Work to complete: The reply should reproduce every line of the data below word for word, minus any images.

Stored data:
+-------+

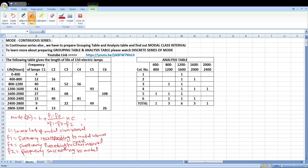In continuous series, we have to first find out the grouping table. In the grouping table, the first column has the highest frequency. There are a total of 6 columns. In column 1, you have to find out the first row and the third column.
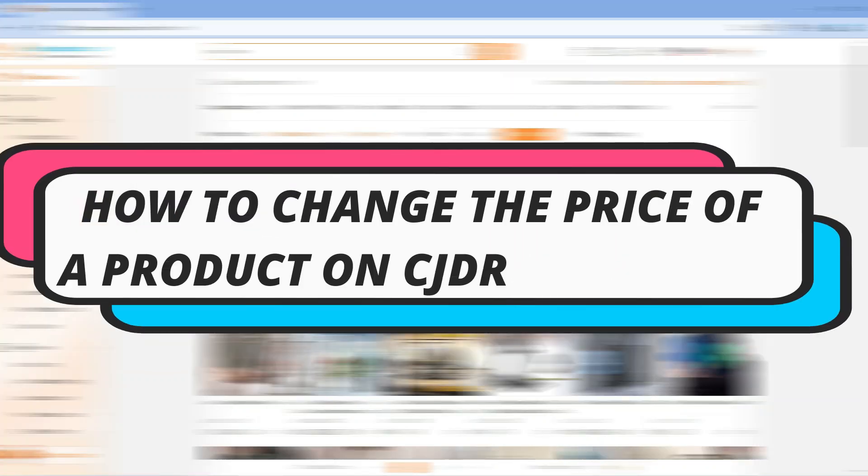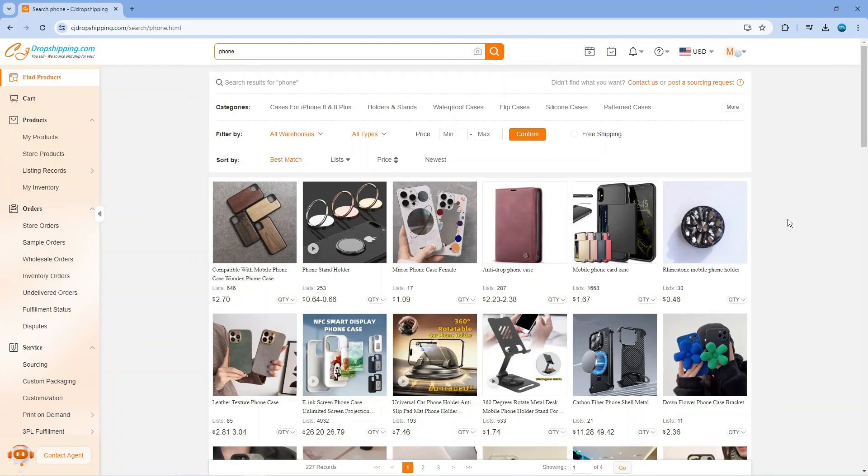In this video I will show you how to change the price of a product on CJ dropshipping. So let's jump straight into it.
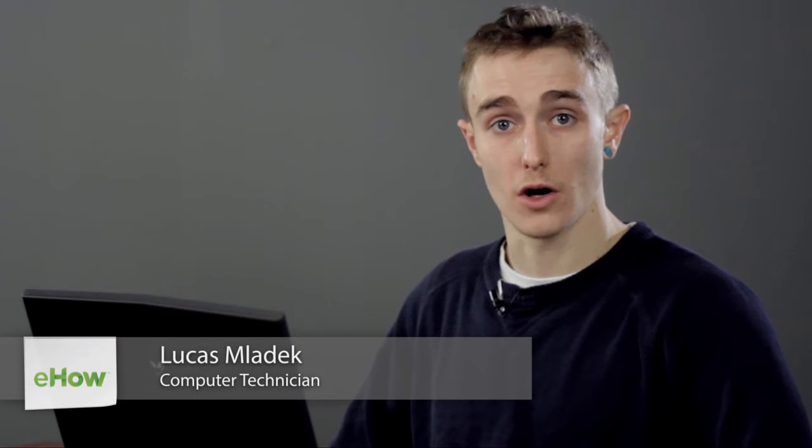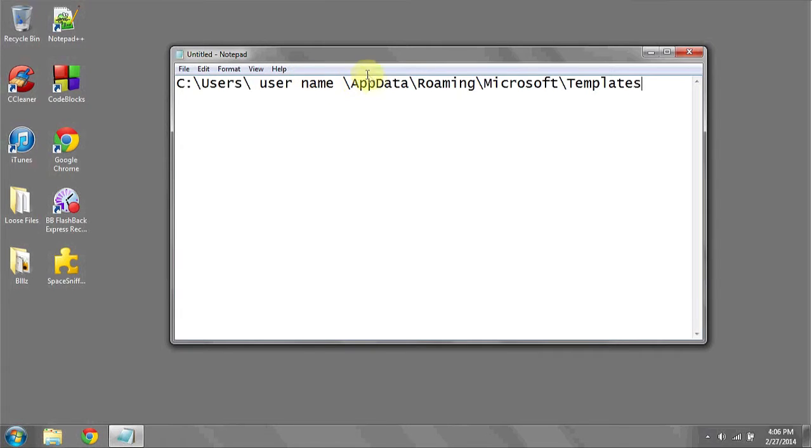Templates in Microsoft Outlook, by default, are saved to a folder. This folder is located in the following path: C colon users, your username, app data, roaming, Microsoft, and templates.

+-------+

Reply:
In continuous series, we have to first find out the grouping table. In the grouping table, the first column has the highest frequency. There are a total of 6 columns. In column 1, you have to find out the first row and the third column.
In this video I will show you how to change the price of a product on CJ dropshipping. So let's jump straight into it.
Templates in Microsoft Outlook, by default, are saved to a folder. This folder is located in the following path: C colon users, your username, app data, roaming, Microsoft, and templates.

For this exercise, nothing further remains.